Pdt. Andrikus Mofu mengatakan, pelaksanaan Undang-Undang Nomor 21 tahun 2001 tentang Otonomi Khusus Papua telah gagal dilaksanakan selama 20 tahun di Papua.

“Karena itu, kami menolak tegas pengesahan Undang-Undang No. 02 tentang Otonomi Khusus Jilid II, sebab Undang-Undang ini merupakan kebijakan sepihak pemerintah tanpa melibatkan rakyat Papua,” kata Mofu.

Pihaknya menegaskan, hentikan pengembangan infrastruktur sipil dan pemekaran provinsi di Papua.

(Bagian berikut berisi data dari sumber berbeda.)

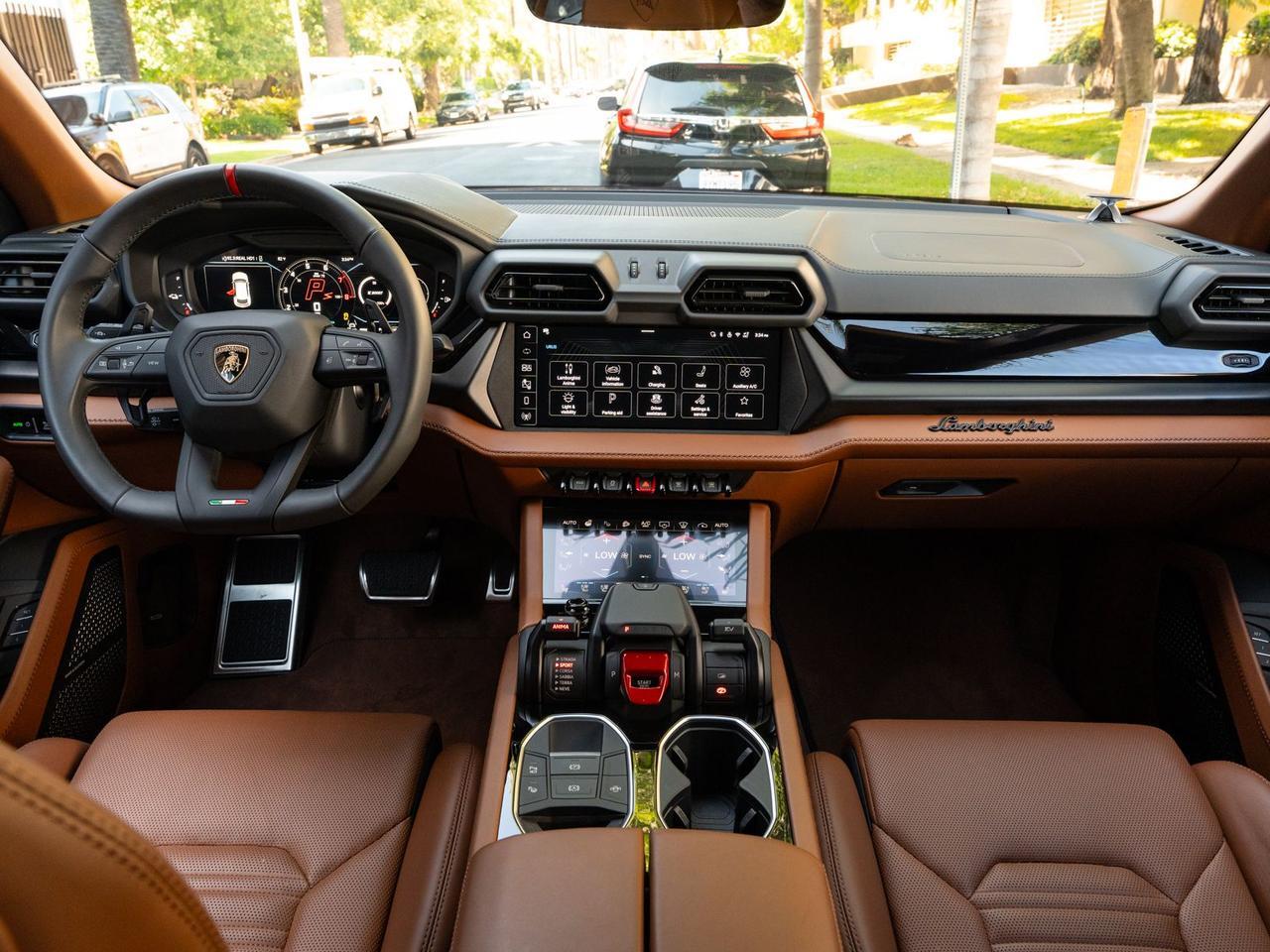 2026 Lamborghini Urus SE SE Lawrence KS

Hentikan juga pengembangan infrastruktur militer yang semakin masif, penambahan pasukan yang terus meningkat dalam menghadapi tuntutan dan perjuangan hak-hak dasar, dan hak politik orang Papua.

Pdt. Dorman Wandikbo mengaku pihaknya juga menyaksikan upaya pemerintah secara sistematis, masif dan kolektif dalam mendorong proyek islamisasi di Papua, tanah yang manusia Papua 99 persen pengikut Kristus.

“Pemerintah, TNI dan Polri, elite politik supaya menghentikan semua ambisi dengan orang Papua, yang kemudian mengindentikkan penganut agama Kristen dengan kafir,” ujar Wandikbo.

Selain itu, pihaknya menyampaikan keprihatinan atas pengangkatan Panglima TNI yang di masa lalu terlibat dalam operasi khusus di Tanah Papua.

“Kami menilai Presiden Joko Widodo tidak memperlihatkan itikad baik dalam mempromosikan HAM dan demokrasi di Tanah Papua,” ujarnya.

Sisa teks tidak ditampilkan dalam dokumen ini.